== Segment start ==
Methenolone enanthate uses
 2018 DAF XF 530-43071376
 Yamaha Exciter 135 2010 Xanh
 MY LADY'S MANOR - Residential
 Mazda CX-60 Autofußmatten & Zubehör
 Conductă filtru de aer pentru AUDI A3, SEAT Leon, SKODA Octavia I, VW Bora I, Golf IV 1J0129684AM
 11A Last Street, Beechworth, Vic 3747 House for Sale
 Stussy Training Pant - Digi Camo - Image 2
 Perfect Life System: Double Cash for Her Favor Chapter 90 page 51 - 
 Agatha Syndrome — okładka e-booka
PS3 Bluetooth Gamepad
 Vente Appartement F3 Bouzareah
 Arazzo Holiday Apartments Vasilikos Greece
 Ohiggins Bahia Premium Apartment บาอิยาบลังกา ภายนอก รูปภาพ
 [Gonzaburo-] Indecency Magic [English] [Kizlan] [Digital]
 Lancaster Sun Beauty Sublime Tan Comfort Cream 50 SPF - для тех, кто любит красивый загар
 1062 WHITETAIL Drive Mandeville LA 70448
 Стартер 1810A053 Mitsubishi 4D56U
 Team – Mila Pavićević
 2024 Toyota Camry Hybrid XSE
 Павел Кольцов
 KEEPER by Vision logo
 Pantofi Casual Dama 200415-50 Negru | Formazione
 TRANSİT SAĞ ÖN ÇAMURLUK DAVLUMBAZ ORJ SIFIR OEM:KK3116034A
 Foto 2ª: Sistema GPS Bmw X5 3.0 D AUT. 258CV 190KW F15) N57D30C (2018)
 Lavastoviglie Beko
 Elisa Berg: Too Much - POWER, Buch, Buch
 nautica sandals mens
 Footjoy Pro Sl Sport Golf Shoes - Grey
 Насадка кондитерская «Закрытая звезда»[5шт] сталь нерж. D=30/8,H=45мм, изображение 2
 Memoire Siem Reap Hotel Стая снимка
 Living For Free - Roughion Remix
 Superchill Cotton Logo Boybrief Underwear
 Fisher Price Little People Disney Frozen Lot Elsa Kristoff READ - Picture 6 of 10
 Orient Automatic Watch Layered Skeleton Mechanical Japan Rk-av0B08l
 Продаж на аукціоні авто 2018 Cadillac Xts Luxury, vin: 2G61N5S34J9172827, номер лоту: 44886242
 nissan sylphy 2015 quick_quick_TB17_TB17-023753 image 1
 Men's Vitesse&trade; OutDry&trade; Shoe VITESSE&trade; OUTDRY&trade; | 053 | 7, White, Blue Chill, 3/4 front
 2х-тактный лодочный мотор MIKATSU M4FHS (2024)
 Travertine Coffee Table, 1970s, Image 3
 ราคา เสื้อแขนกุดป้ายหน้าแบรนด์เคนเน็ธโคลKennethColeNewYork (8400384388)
== Segment end ==
# [Directions]
Search the listing above for "Golf" and copy every line that has it.

# [Output of the task]
 Conductă filtru de aer pentru AUDI A3, SEAT Leon, SKODA Octavia I, VW Bora I, Golf IV 1J0129684AM
 Footjoy Pro Sl Sport Golf Shoes - Grey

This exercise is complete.